There are two related Greeks terms that are translated by the one English term "word" in the New Testament.
The first is logos, which is used to denote God's word as theology. The nature of the logos word is sound, certain, and quietly assured. The second is rhema. This denotes God's word as revelation. The nature of the rhema word is purposed, empowered, and motivated.
Great leaders grounded in the logos and rhema of Scripture will be theologically sound and revelationally focused. They will reflect the qualities of both logos and rhema.
Great leaders think deeply and profoundly about basic fundamentals. Proverbs 4:7-9 places the cultivation of wisdom and understanding as the essential priority for successful leadership.
"Above all and before all, do this: Get Wisdom! Write this at the top of your list: Get Understanding! Throw your arms around her—believe me, you won’t regret it; never let her go—she’ll make your life glorious. She’ll garland your life with grace, she’ll festoon your days with beauty." (The Message)
I like the NIV when it says: "Though it cost all you have, get understanding."
Develop wisdom; that is, the full understanding and proper use of knowledge... about issues... about possibilities... about yourself... about God's word.
Remember it is "the Holy Scriptures, which are able to make you wise for salvation through faith in Christ Jesus" by which "the servant of God (leader) may be thoroughly equipped for every good work" (2 Timothy 3:15, 17).
Great leaders ask two questions of every decision they make and action they take:
Servant-leadership is the order of the day. Jesus repeatedly urges his leaders to be servant-oriented, not lordly-minded.
Great leaders use things and love people... never the other way around.
A leader is the servant of people; rather he or she is a servant of God to people. The New Testament uses the word doulos, meaning slave or servant, to refer the leaders relationship to God. Paul thus identifies himself in Romans 1:1 "Paul, a servant (doulos) of Christ Jesus."
Doulos is not used to define the relationship between the leader and people. The word used in this context is diakonos, meaning minister. In the context of his ministry to people, Paul says: "I became a servant (diakonos) of this gospel by the gift of God’s grace given me through the working of his power" (Ephesians 3:7).
A leader must learn something new every day if he or she would remain a leader!
Expose yourself to those who can teach you. Great leaders are devourers of quality books, seminars, workshops and materials on leadership. There is a lot of light weight fluff and "junk food" in the leadership, self-help, and motivational categories.
The resources recommended and available to you through our aStore have substance and have a proven track record of effectiveness.
Remember... it takes just as much time, money and effort to read a bad book as a good book.
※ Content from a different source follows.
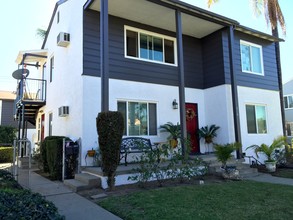 514 W Riggin St in Monterey Park, CA - Building Photo - Building Photo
A great leader is is never cocky, loud, sensational, nor extreme.
He or she is possessed of a quiet assurance of his or her own worth and value to other people and to the issues of the day. This sense of poise comes from the leader’s relationship with Christ.
Paul exudes this leadership quality when he declares that he has "learned the secret of being content in any and every situation, whether well fed or hungry, whether living in plenty or in want." What is that secret? "I can do all things (panta, meaning each, every part of a totality) through [lit. "in"] Christ who strengthens me." The verb Paul uses here is endynamounti... literally this means "in the one who strengthens me."
This trust grows out of an assured relationship with God.
This trust grows out of an assured calling from God.
This trust grows out of an assured anointing of God.
Leaders are made not born. You can learn the principles and cultivate the qualities of great leaders.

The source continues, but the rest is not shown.